El primer día de clase se nos pidió dibujar un
plano de nuestra ciudad natal.
Quedé sorprendida al darme cuenta que era incapaz
de dibujar un plano reconocible de Zaragoza. Quizás porque sólo la conocía de
caminar y perderme por sus calles, y fue al entrar a la universidad dónde me
enseñaron a fijarme en el urbanismo de las ciudades.
Desde que salí de Zaragoza la ciudad ha cambiado
mucho. Siempre he vivido cerca del centro, y los barrios de las afueras para mi
son unos desconocidos.
Apenas fui capaz de dibujar algunas de sus calles
principales, eso sí, la traza que dibujé con total seguridad es la del río
Ebro. Esa grieta que divide la ciudad en dos y que para mi, es dónde mejor se
define Zaragoza.
Por vivir en un margen de la ciudad y estudiar en
el otro, el Ebro siempre estaba presente en mi camino, y eran varias veces al
día las que tenía que atravesarlo por uno de sus numerosos puentes.
Zaragoza la defino como una ciudad de extremos, y al
cruzar sus puentes es dónde más te das cuenta.
Desde el frío helador de invierno que te hace
caminar rápido, encogido y sin apenas hablar para llegar cuanto antes a un
sitio protegido (de aquí nuestro mote de ‘cheposos’), hasta ese calor sofocante
de verano que hace interminable la pequeña pendiente del ‘puente de piedra’.
O las altas crecidas del río, que llegan con los
deshielos del Pirineo y que atraen expectantes a los habitantes de la ciudad, y
su cada vez más preocupante sequía de los meses de verano.
Es aquí, también, dónde entra en juego otro de los
elementos imprescindibles de Zaragoza, el Cierzo. Ese fuerte viento que llega
desde el Moncayo y que en cualquier momento parece que te va a llevar volando
hasta caer al río.
Pero de repente el Cierzo se calma, y amanece un
día gris, de niebla, donde cruzas el puente porque ya tienes aprendido su
camino, pero donde la densa boira hace que desaparezca ese omnipresente Ebro.

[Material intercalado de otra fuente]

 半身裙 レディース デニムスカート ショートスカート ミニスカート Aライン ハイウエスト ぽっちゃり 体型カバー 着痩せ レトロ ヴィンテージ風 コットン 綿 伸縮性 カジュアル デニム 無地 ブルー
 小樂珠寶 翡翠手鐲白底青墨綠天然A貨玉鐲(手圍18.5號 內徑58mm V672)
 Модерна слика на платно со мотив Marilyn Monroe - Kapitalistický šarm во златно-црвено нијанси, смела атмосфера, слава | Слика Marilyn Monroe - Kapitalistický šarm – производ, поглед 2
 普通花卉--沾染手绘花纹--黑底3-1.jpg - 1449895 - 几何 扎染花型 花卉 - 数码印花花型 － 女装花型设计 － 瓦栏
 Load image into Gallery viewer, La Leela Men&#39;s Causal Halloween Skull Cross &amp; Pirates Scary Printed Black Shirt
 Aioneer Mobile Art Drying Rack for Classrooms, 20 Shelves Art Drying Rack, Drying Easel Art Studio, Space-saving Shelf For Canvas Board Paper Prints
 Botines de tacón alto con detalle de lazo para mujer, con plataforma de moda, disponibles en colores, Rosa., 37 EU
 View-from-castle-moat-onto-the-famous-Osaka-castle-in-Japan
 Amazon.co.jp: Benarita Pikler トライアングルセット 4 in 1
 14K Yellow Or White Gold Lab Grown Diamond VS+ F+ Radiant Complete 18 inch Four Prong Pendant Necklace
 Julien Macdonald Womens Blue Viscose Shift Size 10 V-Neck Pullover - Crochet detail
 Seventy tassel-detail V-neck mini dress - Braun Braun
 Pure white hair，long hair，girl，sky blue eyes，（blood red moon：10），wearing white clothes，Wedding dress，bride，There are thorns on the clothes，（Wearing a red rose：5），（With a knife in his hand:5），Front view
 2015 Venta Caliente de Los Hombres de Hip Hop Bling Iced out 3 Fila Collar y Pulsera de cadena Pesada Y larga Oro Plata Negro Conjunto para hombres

Es en este punto del río, con sus variaciones a lo
largo del año, dónde se recogen de manera directa o indirecta todos los elementos
que definen mi ciudad.
Siempre que llevo un tiempo sin volver a Zaragoza,
echo de menos cruzar sus puentes, con el Ebro debajo de tus pies y sentir cómo
el Cierzo te despeja y atolondra la cabeza.